2. Your Voice is a Muscle 

Your vocal cords are muscles, and just like any muscle in your body, it needs regular exercise. Have you noticed how even after just a few days of no singing, your voice already feels weaker?

On off days, I do my best to sing at least 20-30 minutes a day. Whether that’s in the car, in the shower, or at the piano, it’s important to stay consistent.

One of my favorite vocal strengthening exercises to avoid vocal strain is the straw technique. The more strained your voice is, the further apart your vocal folds are. By singing through a straw, you alieve strain by gently bringing your vocal folds together.

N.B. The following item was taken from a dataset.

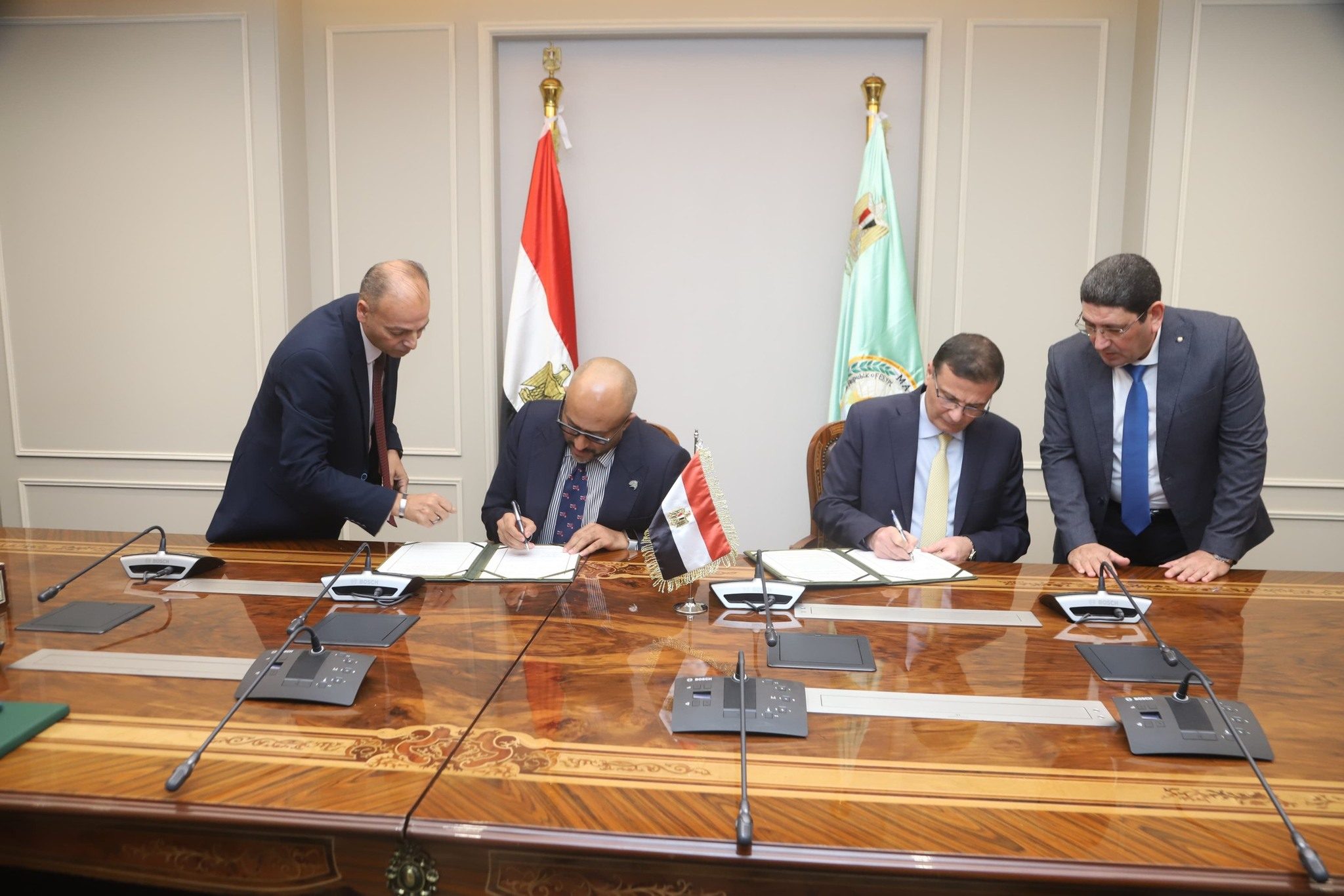 وزير الزراعة يوقع اتفاقية تجديد استضافة مصر للمركز الدولي للأسماك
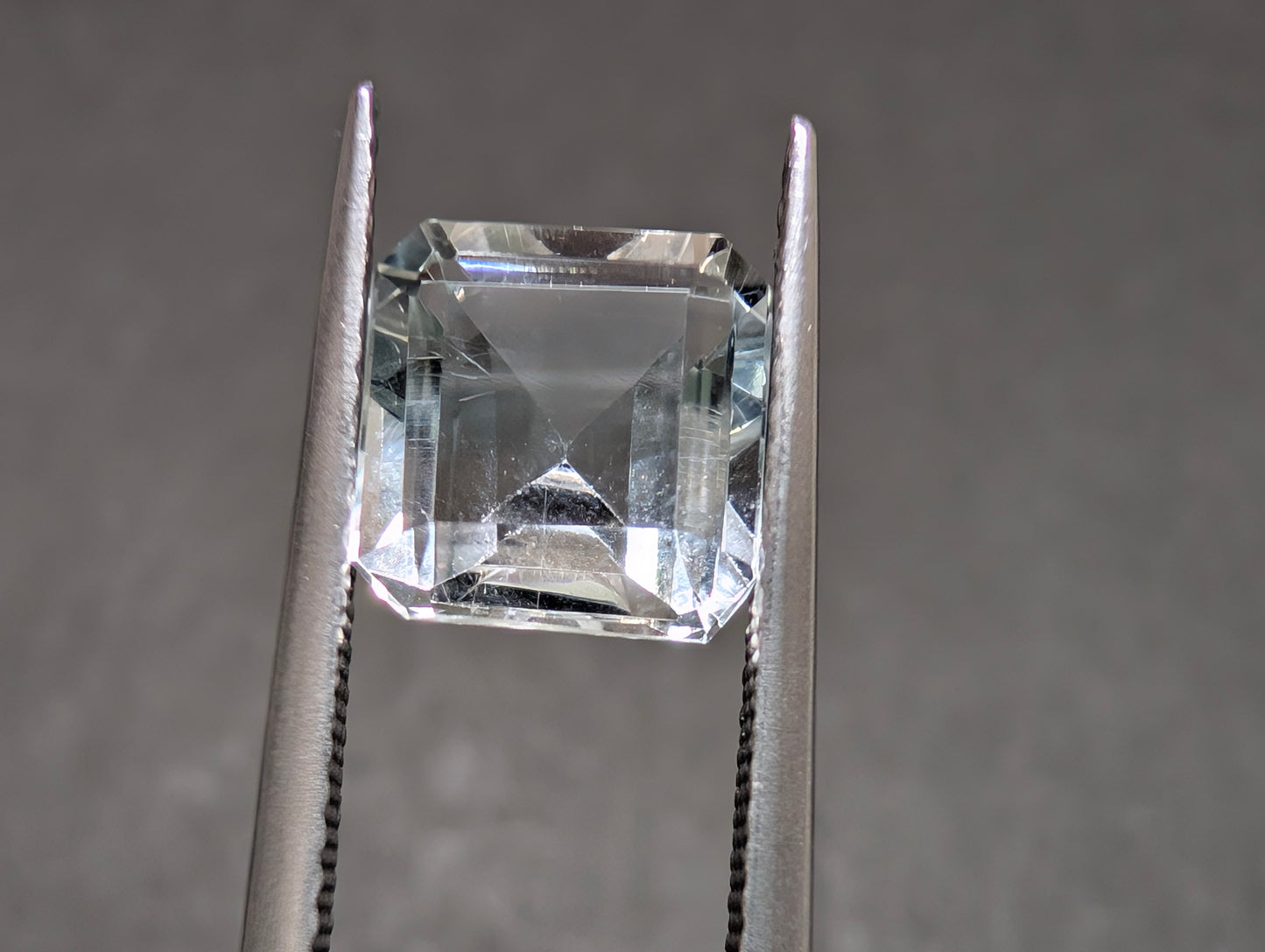 0085 バイカラートパーズ 3.51ct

Especially when it comes to singing high notes, this exercise is an absolute game-changer. Try humming a song you usually have a hard time singing through the straw for a while, then switch back to your normal singing voice. You’ll instantly see how much more relaxed your voice is and how much easier it is to sing higher notes.

Check out this video to learn how to master the straw technique!

3. Proper Warm-Ups 

Before rehearsal, while the guitarists are riffing like crazy, and the drummers are tuning their snare for what feels like an eternity, what are the vocalists doing? I really hope they’re warming up their voice and memorizing lyrics, but that’s not always the case.

Worship singers, I challenge you to utilize this time to your advantage! Even though it’s not a great space to practice, you can still hum, practice lips trills, and review your parts to get your voice warmed up.

Singing in the morning is even more of a challenge, so begin warming up your voice as soon as you wake up to get a head start. Your voice will thank you.

4. Trust Your Team & Trust the Holy Spirit 

For a while, I sang with a small worship team in a tiny 30 person church with a weak mix and not a lot of instrumentalists to carry the energy. I always felt that when I stopped singing, the congregation stopped worshipping, and so I did my best to fill the instrumental breaks with my voice.

It took me a while to realize that what I was doing wasn’t helping anyone, especially my own voice. I wasn’t trusting my team, and I wasn’t trusting the Holy Spirit. I thought the congregation needed me to sing more and add riffs and exhortation as often as possible.

The truth was, I was over-leading out of fear. 

Your church needs your heart more than your voice, and your team needs your trust in order to grow. Know when to sing and when not to sing. Know ahead of time what your voice can and cannot handle and delegate sections to other singers or instrumentals to help you carry the set.

Not only will you keep your voice healthy and strong, but you will empower those around you.